Commuter rail line in Mexico

El Insurgente (lit. The Insurgent) is a 57.7 km commuter rail line connecting Mexico City and Toluca in the State of Mexico. As part of the Tren Interurbano system, it is formally known as the Tren Interurbano Mexico City–Toluca. The project was announced by President Enrique Peña Nieto on 1 December 2012, and construction began in 2014.

==History==
===Background===
As a part of then-President Enrique Peña Nieto's plan to offer public transport from Toluca to Mexico City, a cost–benefit analysis report was drafted and published in November 2013. The report proposed several routes. The three routes were concentrated to the metro terminals of Cuatro Caminos, Tacubaya, and Observatorio. Ultimately, the third route along Avenida Las Torres to Observatorio was chosen in order to avert future sprawl, avoid deforestation in the Sierra de las Cruces, and prevent pollution of aquifers that supply water to residents. A section of the chosen route was altered by 4.3 km in October 2015 to no longer run above Avenida Vasco de Quiroga in Cuajimalpa.

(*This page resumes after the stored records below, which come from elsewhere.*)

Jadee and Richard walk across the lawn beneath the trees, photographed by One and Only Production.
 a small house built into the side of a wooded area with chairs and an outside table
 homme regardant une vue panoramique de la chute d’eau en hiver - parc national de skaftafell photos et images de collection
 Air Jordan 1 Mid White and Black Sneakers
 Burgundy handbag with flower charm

The railway line is electrified and elevated with a tunnel portion between the State of Mexico and Mexico City. There are seven stations. Four stations located in the State of Mexico and the remaining three are located in Mexico City. The line is designed to complement the Mexico City Metro by terminating at Observatorio station of Line 1 and provide heavy railway service to the Santa Fe business district. A shuttle provides connection to Toluca International Airport at the Metepec station (formerly named Tecnológico). The commuter line runs parallel to Avenida Las Torres and Mexican Federal Highway 15/Mexican Federal Highway 15D. The total cost of the project was estimated at $38.6 billion MXN in 2014.

===Construction===

El Insurgente train in operation

The Secretariat of Communications and Transportation (SCT) divided the project into three sections for contractors to bid on:

Section 1 covers the western terminal in Zinacantepec to the eastern tunnel entrance at Sierra de las Cruces. This encompasses 36.1 km of the project. The contracts were awarded to La Peninsular Compañía Constructora and Constructora de Proyectos Viales de México.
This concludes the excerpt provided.